▶ The problem:
For every entry that follows, return the words exactly and omit any picture.

▶ Information shown:
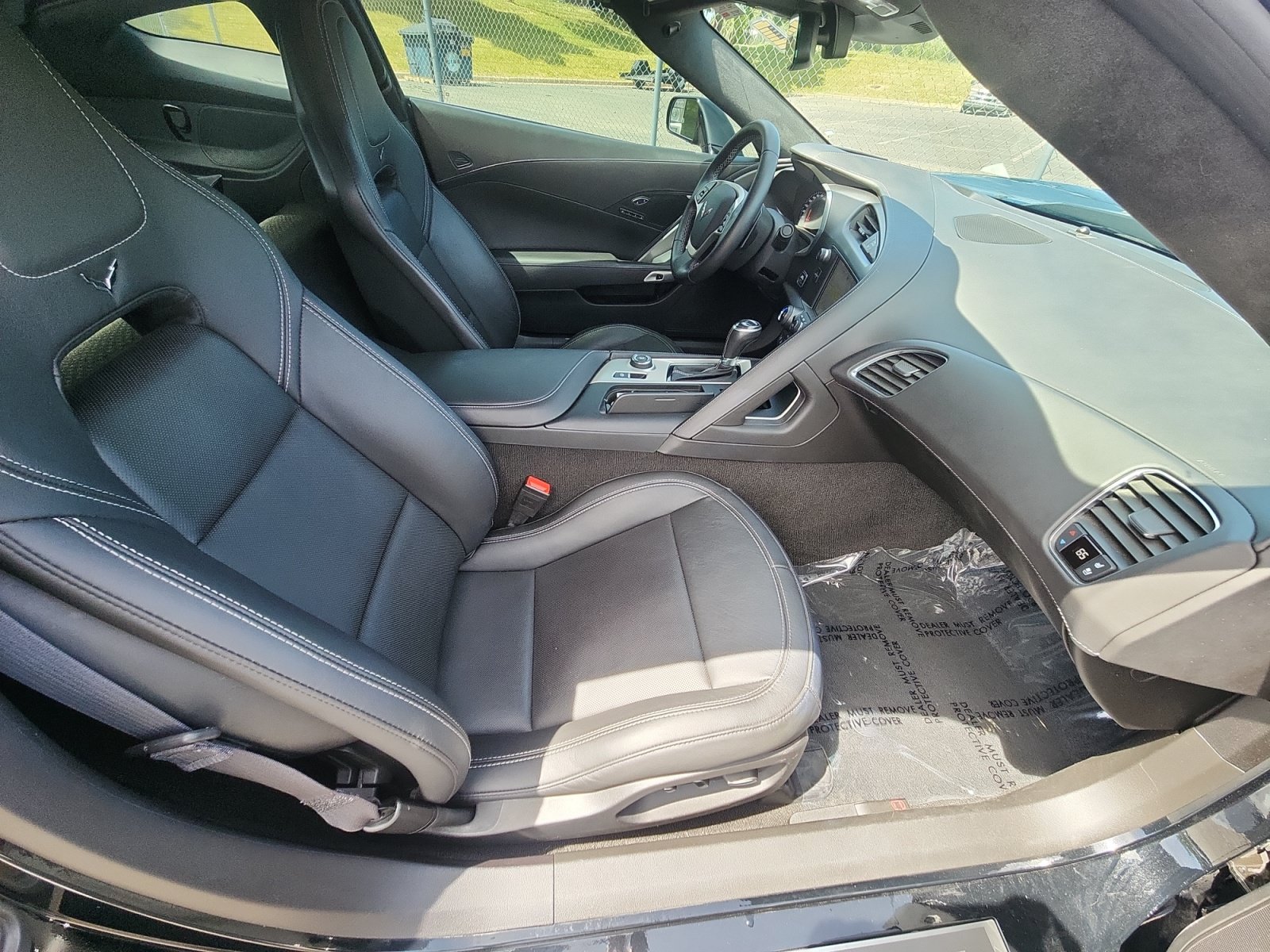 Used 2015 Chevrolet Corvette Stingray Coupe w/ 3LT Preferred Equipment Group RWD image 19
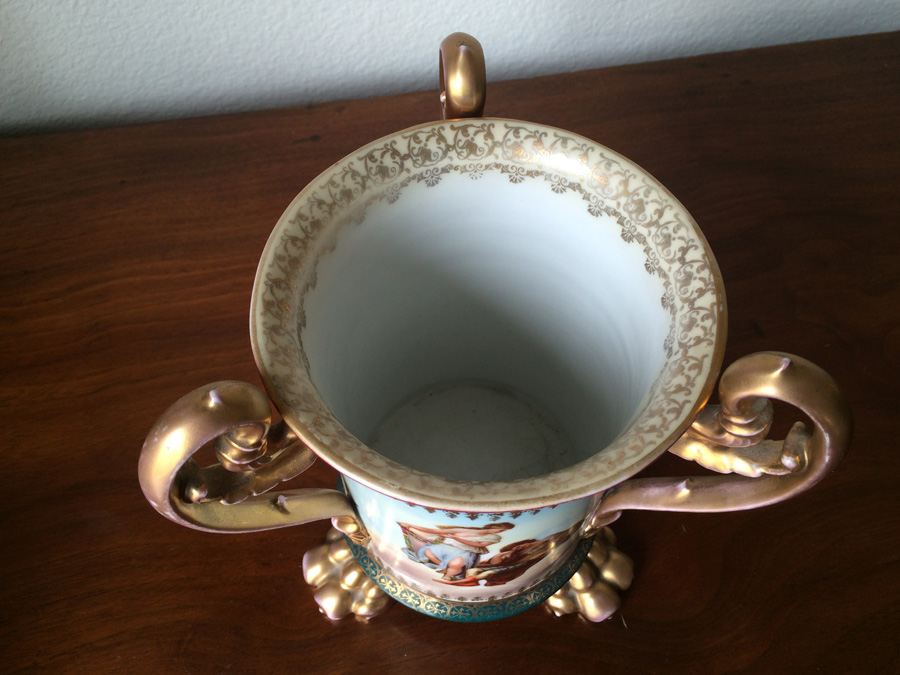 Royal Vienna Porcelain Loving Cup. [Photo 14]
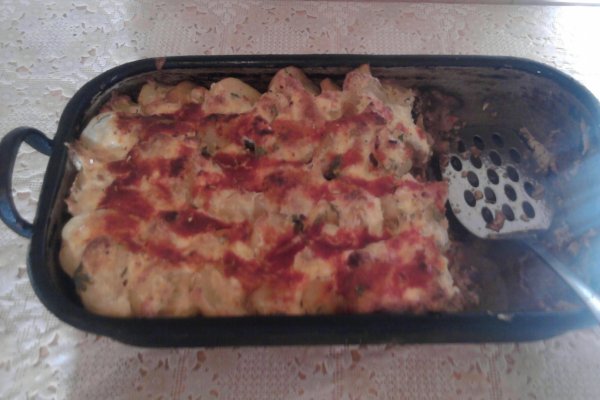 Cartofi cu carne de vita la cuptor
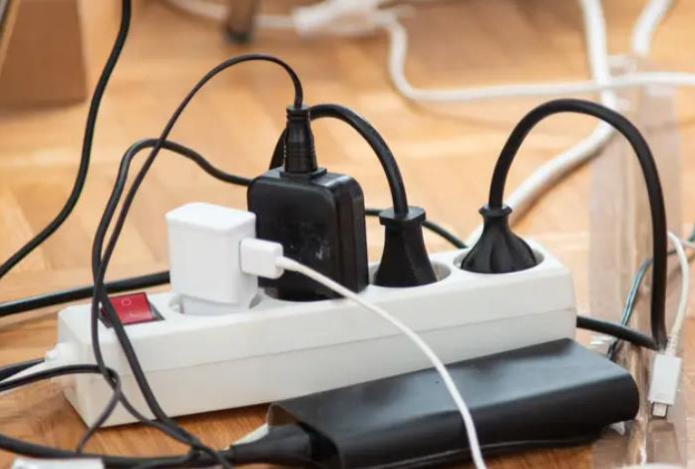 Четыре прибора, которые нужно отключать от сети после каждого использования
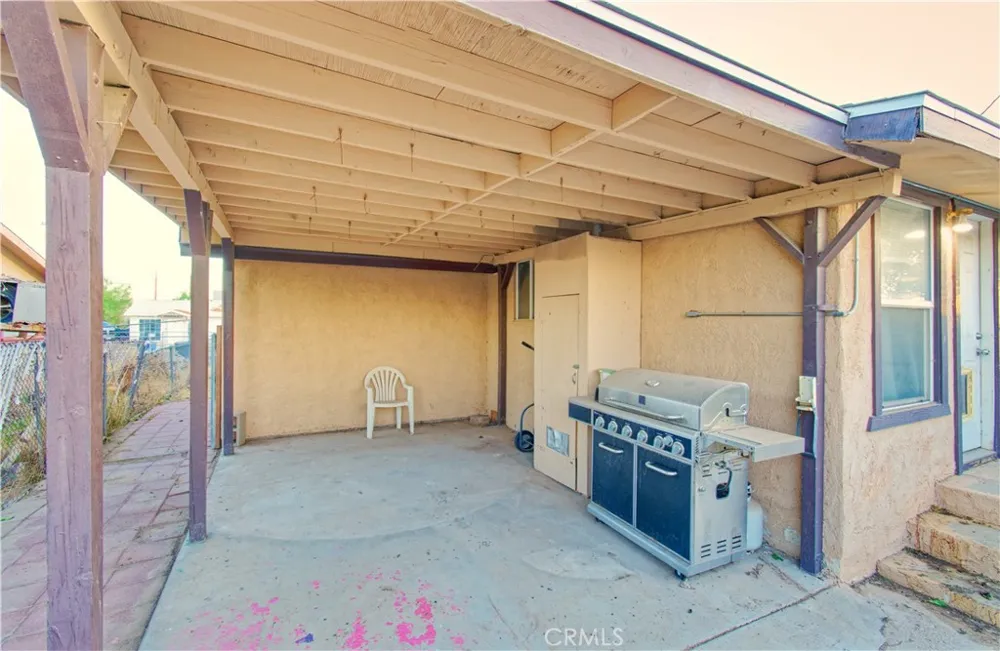 631 W California Blythe, CA 92225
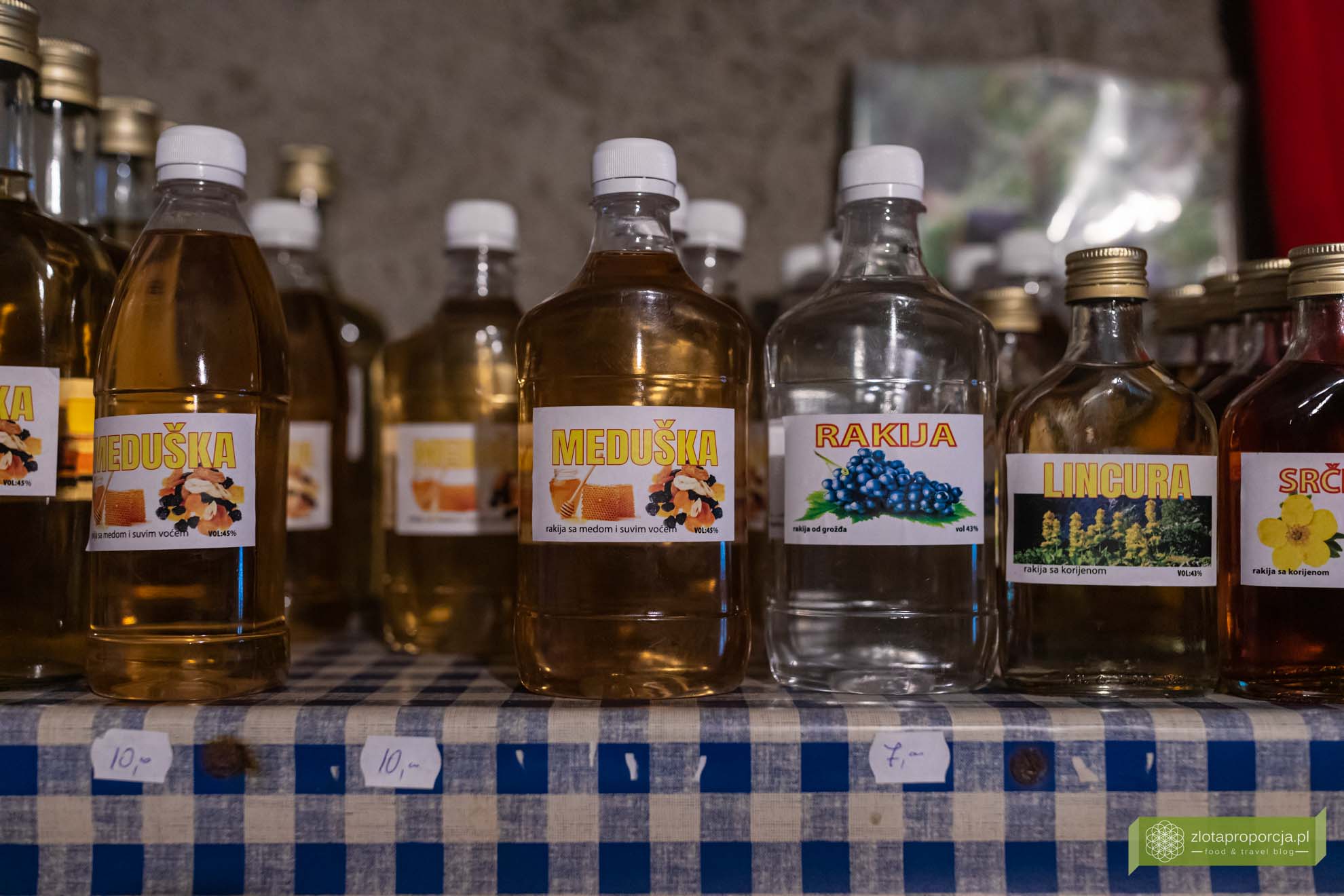 Czarnogóra; atrakcje Czarnogóry; Lovcen; Góry Lovcen; Njeguši; njeguški pršut;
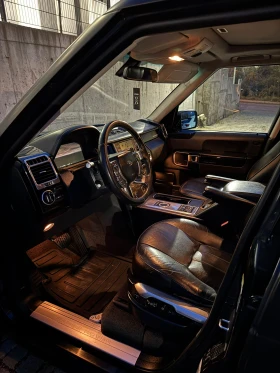 Land Rover Range rover V8/4x4/AUTO/NAVI/H&K/Memory/MULTY/Full service! - 24900 лв. / 12731.17 € - 11305338 7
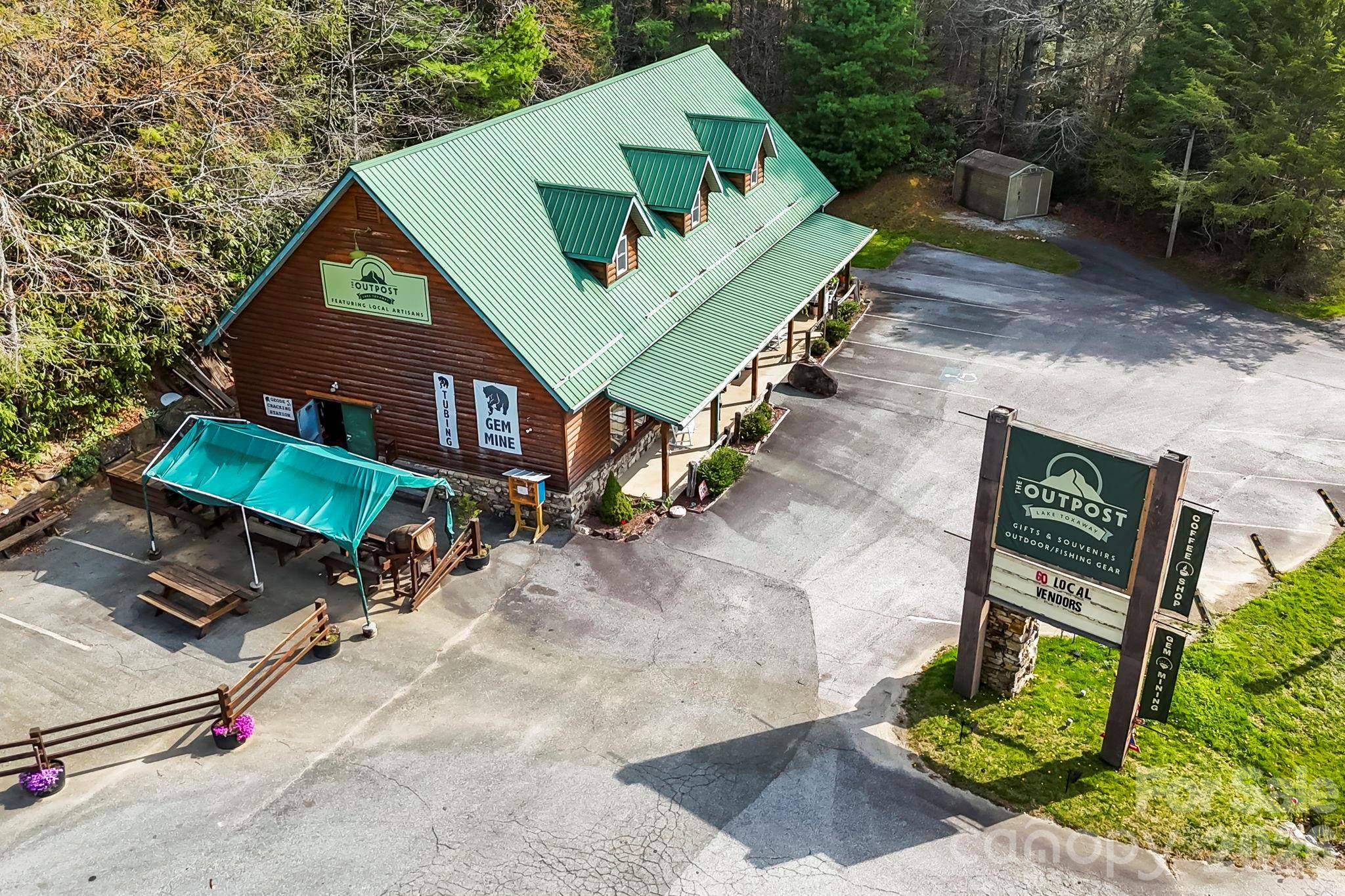 10932 Rosman HWY, Lake Toxaway, NC 28747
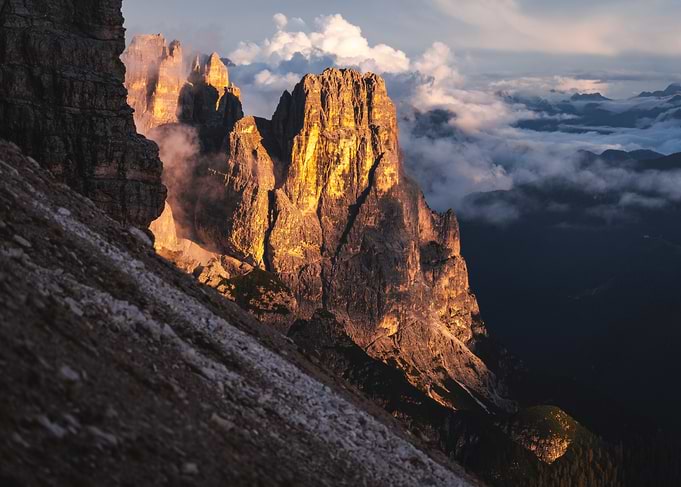 Golden Mountain Peaks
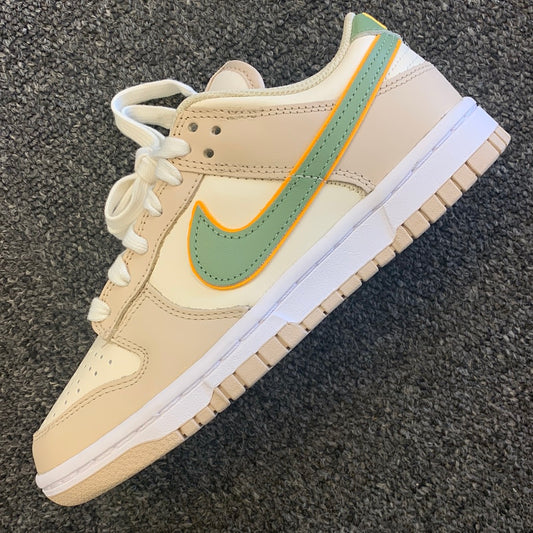 Dunk low size 5.5W/4M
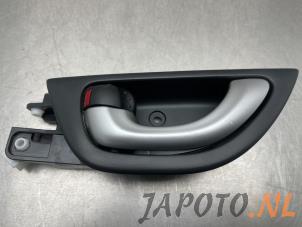 Usagé Poignée de porte arrière gauche Honda Jazz (GE6/GE8/GG/GP) 1.3 VTEC 16V Hybrid Prix € 12,50 Règlement à la marge proposé par Japoto Parts B.V.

▶ Answer space:
 Used 2015 Chevrolet Corvette Stingray Coupe w/ 3LT Preferred Equipment Group RWD image 19
 Royal Vienna Porcelain Loving Cup. [Photo 14]
 Cartofi cu carne de vita la cuptor
 Четыре прибора, которые нужно отключать от сети после каждого использования
 631 W California Blythe, CA 92225
 Czarnogóra; atrakcje Czarnogóry; Lovcen; Góry Lovcen; Njeguši; njeguški pršut;
 Land Rover Range rover V8/4x4/AUTO/NAVI/H&K/Memory/MULTY/Full service! - 24900 лв. / 12731.17 € - 11305338 7
 10932 Rosman HWY, Lake Toxaway, NC 28747
 Golden Mountain Peaks
 Dunk low size 5.5W/4M
 Usagé Poignée de porte arrière gauche Honda Jazz (GE6/GE8/GG/GP) 1.3 VTEC 16V Hybrid Prix € 12,50 Règlement à la marge proposé par Japoto Parts B.V.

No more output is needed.